=== REQUIREMENT ===
Each line below that carries the string "light" must appear in the answer.

=== RECORDS FOR THIS TASK ===

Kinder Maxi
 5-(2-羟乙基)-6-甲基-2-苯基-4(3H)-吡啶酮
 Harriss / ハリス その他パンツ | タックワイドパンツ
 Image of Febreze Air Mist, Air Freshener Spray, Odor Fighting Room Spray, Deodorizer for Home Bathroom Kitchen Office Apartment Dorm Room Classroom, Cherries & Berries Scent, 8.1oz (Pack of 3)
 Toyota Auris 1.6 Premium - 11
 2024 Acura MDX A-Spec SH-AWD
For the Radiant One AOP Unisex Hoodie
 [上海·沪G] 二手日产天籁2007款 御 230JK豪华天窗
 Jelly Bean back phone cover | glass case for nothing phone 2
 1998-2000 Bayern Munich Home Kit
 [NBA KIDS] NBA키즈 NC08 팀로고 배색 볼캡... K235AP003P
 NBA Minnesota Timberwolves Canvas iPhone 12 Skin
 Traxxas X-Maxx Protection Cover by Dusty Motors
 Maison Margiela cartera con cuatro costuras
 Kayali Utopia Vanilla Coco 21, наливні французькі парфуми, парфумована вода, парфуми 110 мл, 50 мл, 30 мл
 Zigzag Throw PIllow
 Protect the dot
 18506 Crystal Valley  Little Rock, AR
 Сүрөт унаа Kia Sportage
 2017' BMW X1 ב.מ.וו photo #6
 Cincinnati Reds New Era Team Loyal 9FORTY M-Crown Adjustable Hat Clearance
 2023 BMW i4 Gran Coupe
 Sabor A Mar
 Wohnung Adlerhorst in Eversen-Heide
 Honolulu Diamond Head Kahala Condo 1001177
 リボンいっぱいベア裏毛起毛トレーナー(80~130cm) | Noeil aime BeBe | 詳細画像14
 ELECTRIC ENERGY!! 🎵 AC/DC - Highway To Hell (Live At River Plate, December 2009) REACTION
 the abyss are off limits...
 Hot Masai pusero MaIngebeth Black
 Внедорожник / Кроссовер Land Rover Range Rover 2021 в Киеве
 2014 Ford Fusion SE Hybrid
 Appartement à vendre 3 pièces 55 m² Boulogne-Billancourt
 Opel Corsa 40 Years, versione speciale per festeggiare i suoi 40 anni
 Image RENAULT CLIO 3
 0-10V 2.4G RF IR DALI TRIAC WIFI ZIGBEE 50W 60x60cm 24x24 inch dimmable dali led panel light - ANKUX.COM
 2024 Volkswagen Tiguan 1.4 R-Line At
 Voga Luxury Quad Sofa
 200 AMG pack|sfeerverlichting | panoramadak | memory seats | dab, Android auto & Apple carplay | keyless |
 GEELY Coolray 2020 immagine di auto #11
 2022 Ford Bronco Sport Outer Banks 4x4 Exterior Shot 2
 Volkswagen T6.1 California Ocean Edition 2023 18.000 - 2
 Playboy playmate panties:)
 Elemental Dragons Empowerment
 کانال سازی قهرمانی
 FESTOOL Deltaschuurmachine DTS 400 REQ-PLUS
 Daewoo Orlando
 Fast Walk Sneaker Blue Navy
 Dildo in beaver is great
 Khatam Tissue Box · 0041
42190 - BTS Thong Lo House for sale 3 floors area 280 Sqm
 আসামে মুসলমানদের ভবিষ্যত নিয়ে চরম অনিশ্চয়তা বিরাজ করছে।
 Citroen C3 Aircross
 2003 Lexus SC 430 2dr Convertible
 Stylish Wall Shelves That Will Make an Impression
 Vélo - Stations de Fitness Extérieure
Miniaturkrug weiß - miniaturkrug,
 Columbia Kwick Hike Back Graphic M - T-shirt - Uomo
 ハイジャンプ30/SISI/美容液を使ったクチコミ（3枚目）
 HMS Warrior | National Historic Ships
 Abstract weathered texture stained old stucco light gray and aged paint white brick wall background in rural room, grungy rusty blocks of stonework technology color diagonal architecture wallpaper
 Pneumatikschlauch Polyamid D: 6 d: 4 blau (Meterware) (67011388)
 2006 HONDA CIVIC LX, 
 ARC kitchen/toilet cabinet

=== WRITTEN RESPONSE ===
 0-10V 2.4G RF IR DALI TRIAC WIFI ZIGBEE 50W 60x60cm 24x24 inch dimmable dali led panel light - ANKUX.COM
 Abstract weathered texture stained old stucco light gray and aged paint white brick wall background in rural room, grungy rusty blocks of stonework technology color diagonal architecture wallpaper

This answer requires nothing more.